As in FIG, in the diagram, controller 68 can be arranged to process the one or more signals corresponding to measurement parameter (such as, by temperature that temperature controller 20 is measured).Controller 68 can be arranged to measurement parameter be higher than or lower than predetermined parameter area, such as, the temperature measured by temperature controller 20 is below or above predetermined temperature range.If the parameter measured is below or above predetermined parameter area, controller 68 can be arranged to the operation regulating one or more device via communication line or wireless telecommunications (not showing in the diagram).Such as, when the temperature measured by temperature controller 20 is below or above predetermined temperature range, controller 68 can be arranged to regulate the amount of the reflux stream 3 flowing to head fraction column 12.Controller 68 can be arranged to the operation of the operation of control pump 18 and/or the operation of valve 9 and/or valve 25, the size of the such as perforate of control valve 9 and/or valve 25.By the size of the perforate of control valve 25, controller 68 controls otherwise can flow through the flow through valve 25 of valve 9.Those skilled in the art recognize that, controller 68 or similar controller can be positioned at away from flow controller 8 and flow controller 40 (as shown in FIG. 4), or can be positioned at flow controller 8 and/or flow controller 40 place and comprise flow controller 8 and/or flow controller 40.

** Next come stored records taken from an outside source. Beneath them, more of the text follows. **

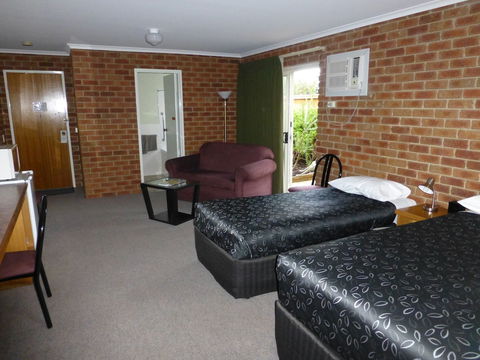 Inverloch Central Motor Inn - Darwin Holiday 3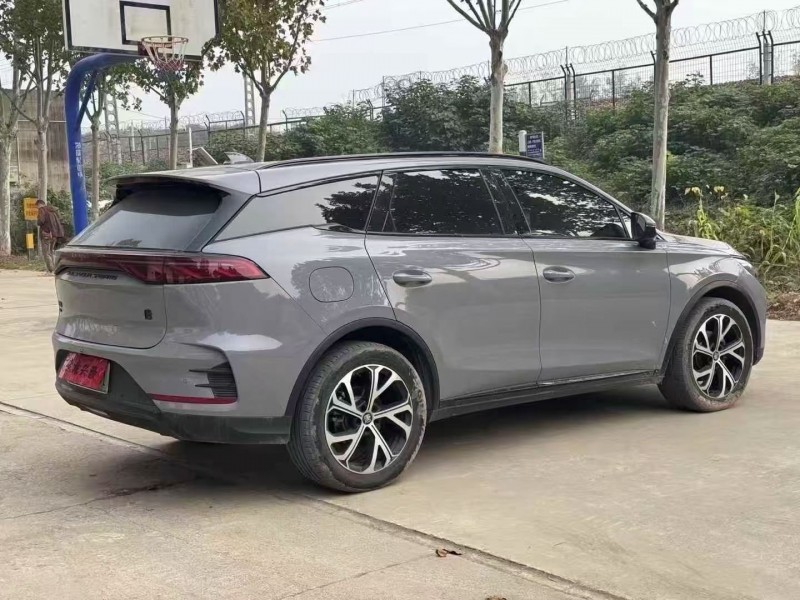 洛阳25年比亚迪唐6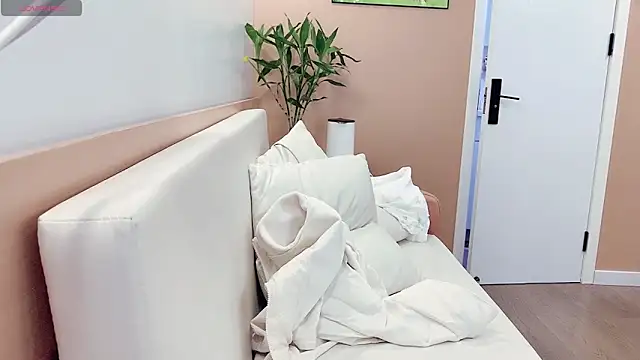 Snapshot of AKiKi711 chatting on 02.16.26 AKiKi711 online show from 02.16.26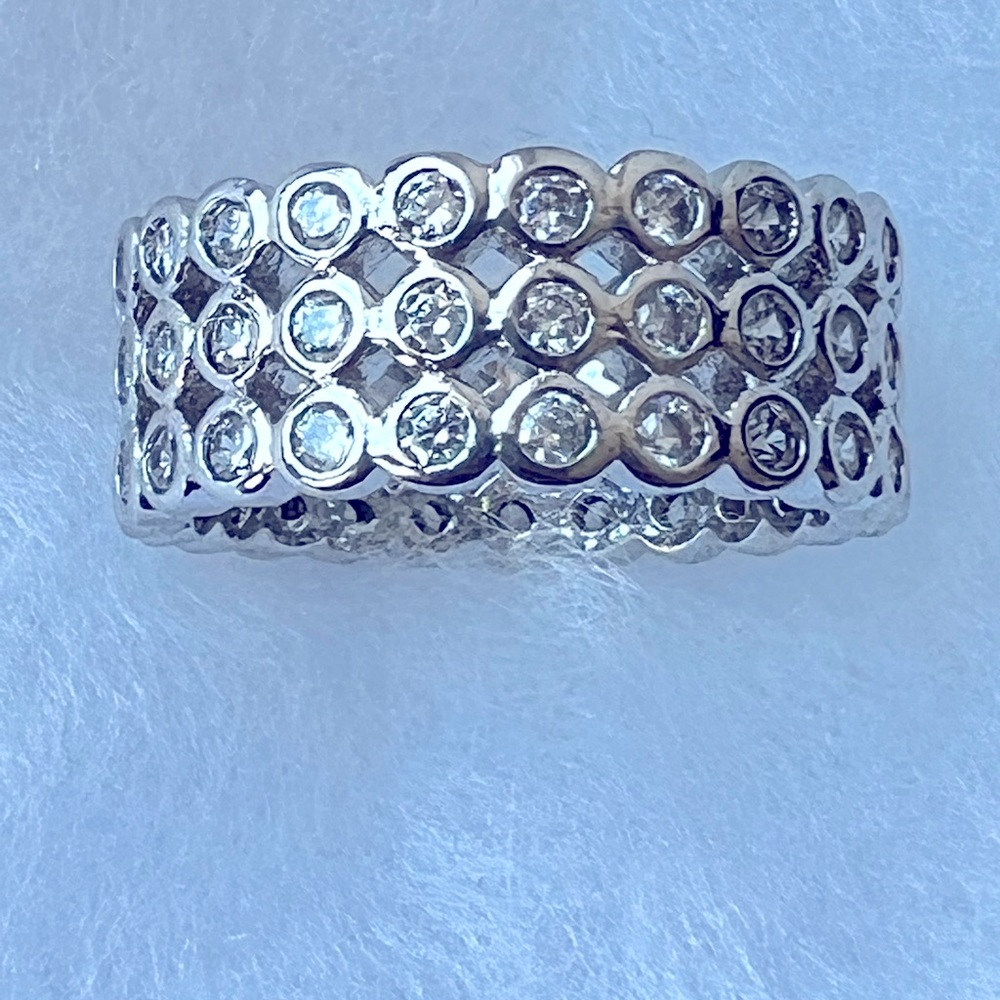 New Women’s Silver Tone Size 7 Three Layer White Cubic Zirconia Stones Ring
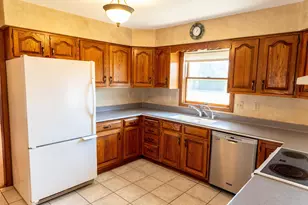 1216 Parkside Dr, Marshall, MN 56258 - Photo 2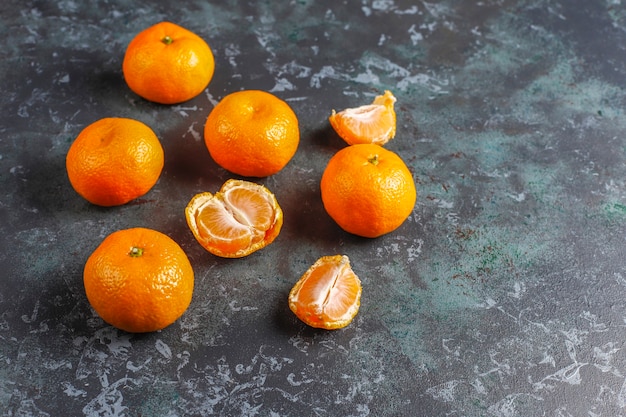 Mandarinas clementinas frescas y jugosas.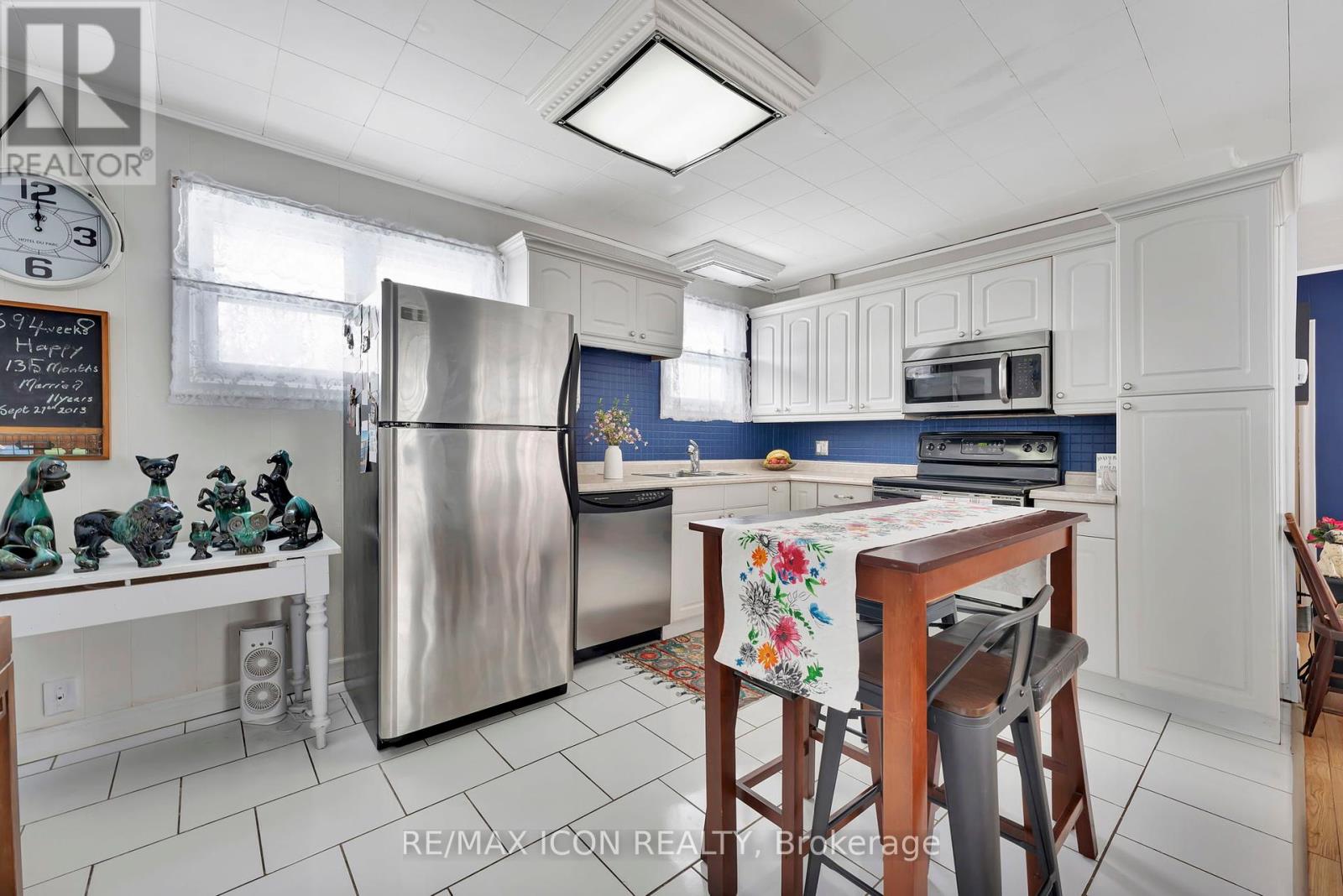 Photo 11 of 2035 Erie Street, Norfolk ON
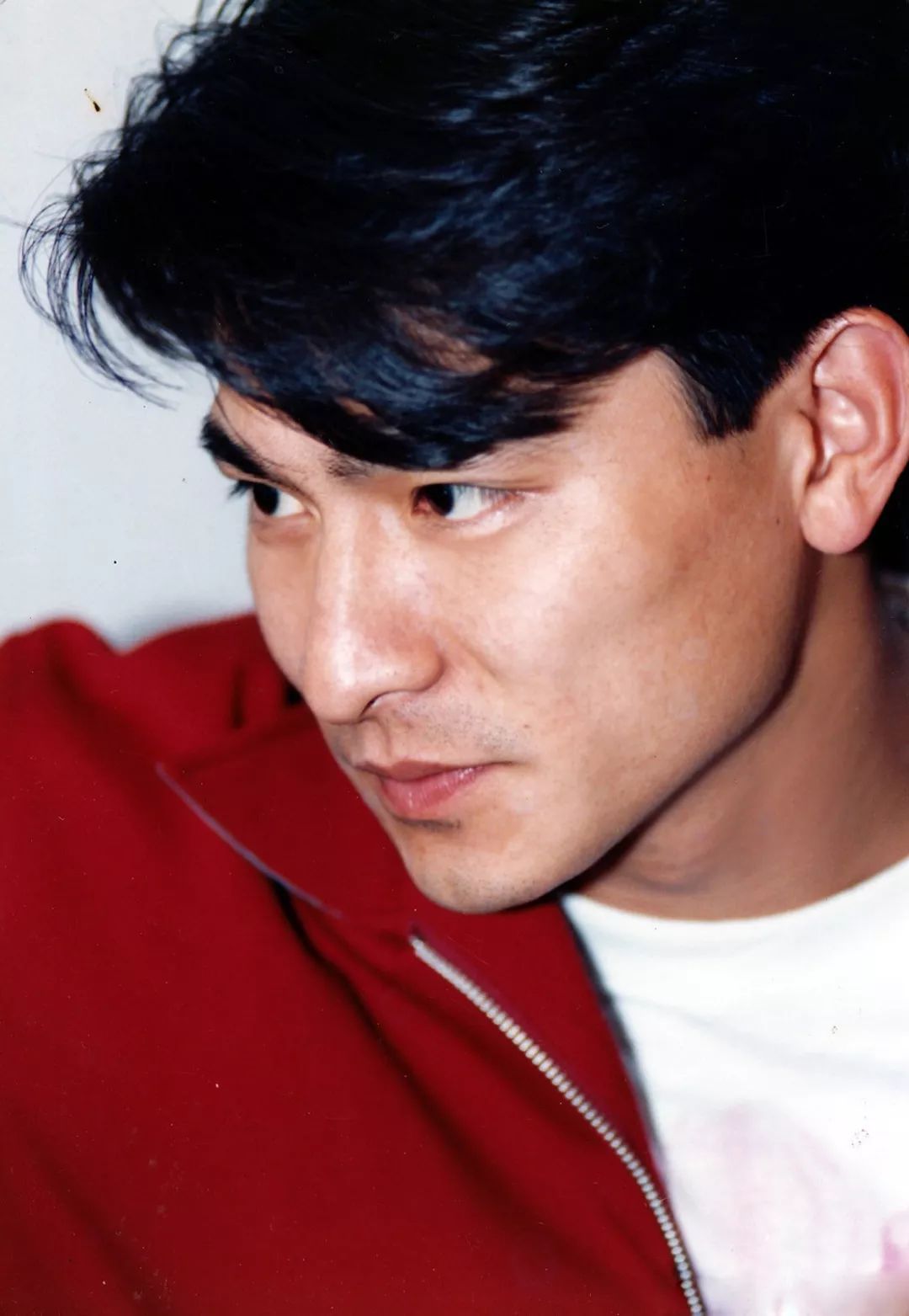 1981年,20岁的刘德华考进无线电视艺员训练班第10期,和梁家辉戚美珍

As in FIG, in the diagram, controller 68 can be arranged to process the signal corresponding to the measurement parameter liquid level of liquid (in the condenser feed bin 22 such as, measured by fluid level controller 27).Controller 68 can be arranged to the liquid level measured by fluid level controller 27 be higher than or lower than the predetermined liquid liquid level scope of condenser feed bin 22.If the parameter measured is below or above predetermined parameter area, controller 68 can be arranged to the operation regulating one or more device via communication line or wireless telecommunications (not showing in the diagram).Such as, when the liquid level in the condenser feed bin 22 measured by fluid level controller 27 is below or above predetermined liquid level scope, controller 68 can be arranged to regulate the amount of the reflux stream 3 flowing to head fraction column 12.Controller 68 can be arranged to the operation of the operation of control pump 18 and/or the operation of valve 9 and/or valve 25, the size of the such as perforate of control valve 9 and/or valve 25.By the size of the perforate of control valve 9, controller 68 controls otherwise can flow through the flow through valve 9 of valve 25.Those skilled in the art recognize that, controller 68 or similar controller can be positioned at away from flow controller 8 and flow controller 40 (as shown in FIG. 4), or can be positioned at flow controller 8 and/or flow controller 40 place and comprise controller 8 and/or flow controller 40.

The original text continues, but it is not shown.